Les chefs d’État ont très bien manoeuvrés. Ils savaient qu’en ressortant de l’ombre un champ lexical « guerrier », la division battrait son plein au sein même des foyers, des amitiés, des familles, des structures, des institutions, des partis politiques… Les groupes d’influence récupèrent tout, instrumentalisent, manipulent, mentent, tirent tant la couverture que nous en perdons l’équilibre.

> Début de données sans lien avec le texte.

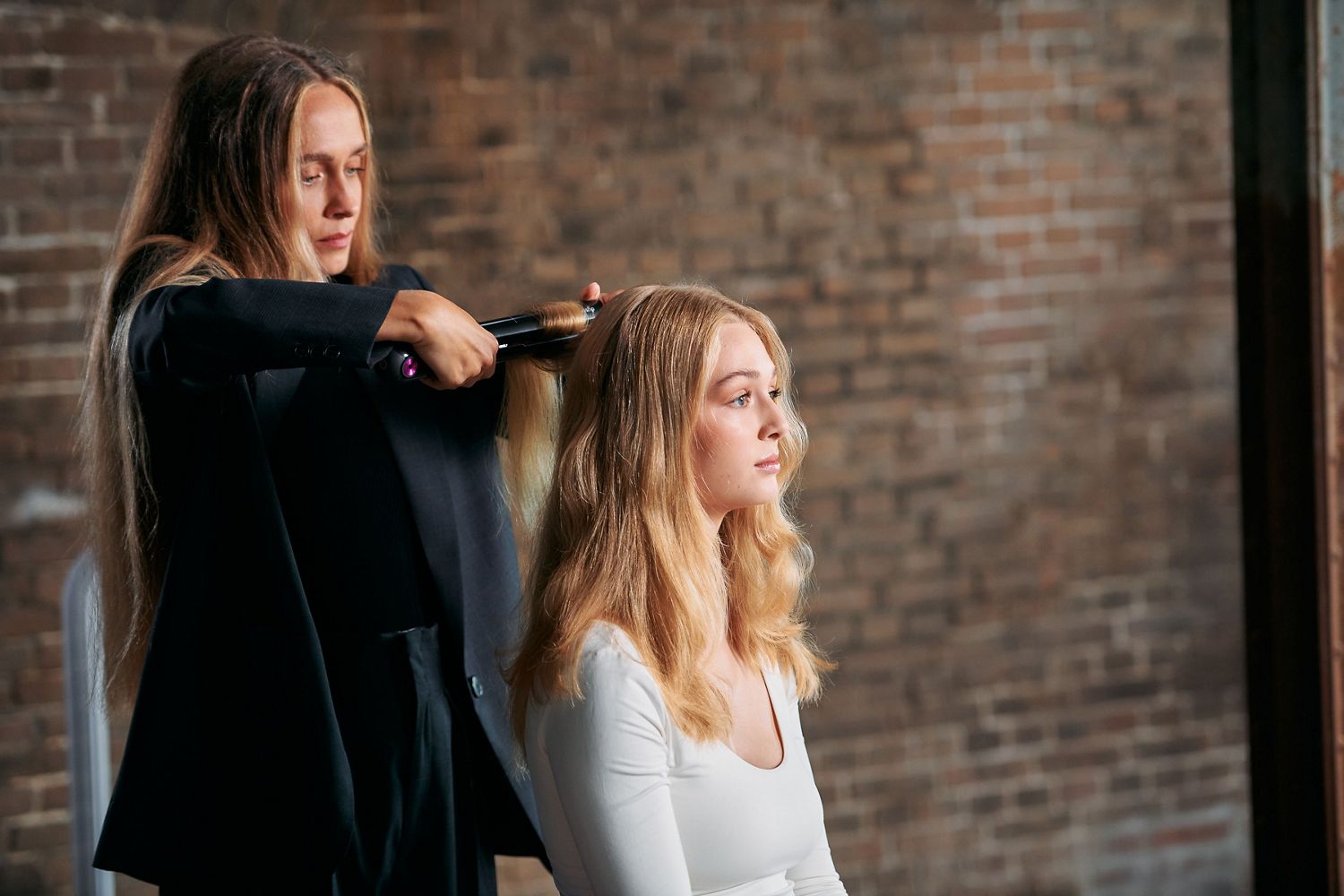 Jen Atkin and a Dyson Engineer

Réutilisées, récupérées, cultivées, gonflées à outrance par les médias, ces nouvelles batailles font rage. Elles se sont faites maîtresses des plateaux de télévision, des ondes radio ou du papier torchon. Le voisinage devient l’objet d’un décor pire que celui de la Somme, en 1916. Tout y est dévasté et chacun avance sur les décombres d’une fraternité devenue inexistante.
Les taux d’audience deviennent prioritaires sur le recul et la réflexion. Le libre arbitre n’est plus que le témoin muselé d’un effondrement communautaire. Tout le monde se bat, mais plus contre le virus. La peur et la sécurité sont, une fois encore, redevenus les maîtres mots. Deux concepts inverses, semeurs de trouble et de division, responsables de la perte de repères et de l’anéantissement du raisonnable.

Diviser pour mieux régner. C’est pourtant vieux comme le monde. Comment pouvons-nous encore tomber dans le piège ? Les dirigeants ont manifestement eu raison de surfer une fois encore sur la vague… Nous ne sommes décidément pas sortis des instincts les plus vils, ni des réflexes d’une survie à laquelle nous dérogeons.

La scission est partout, la fracture est totale. Les gouvernements le savent et soufflent sur cette flamme dévastatrice. Désunir, c’est gagner.

Alors, afin de réussir à leur ravir cette triste victoire, restons unis.
Le sujet principal demeure la vie, et la reconnaissance d’une nature humaine somme toute bien fragile devant les ravages perpétrés par un organisme aussi microscopique. Faisons taire une fois pour toutes la conviction que l’homme est tout, alors qu’il est le seul être vivant capable de détruire son prochain, par idéologie ou intérêt. Cessons de penser que la guerre pour les ressources, la consommation massive, l’appauvrissement, l’économie de marché, la dévastation naturelle et l’argent fait roi resteront les seules vérités dominantes, au sortir de la catastrophe pandémique. Peut-être alors aurons-nous une petite chance de construire un monde dans lequel nos enfants pourront expérimenter l’harmonie.

Ne voyez là aucune leçon ni prosélytisme d’aucune sorte.
Les temps qui règnent sont incertains, les hommes sont imparfaits et par voie de conséquence, perfectibles. Le moment est venu de le prouver.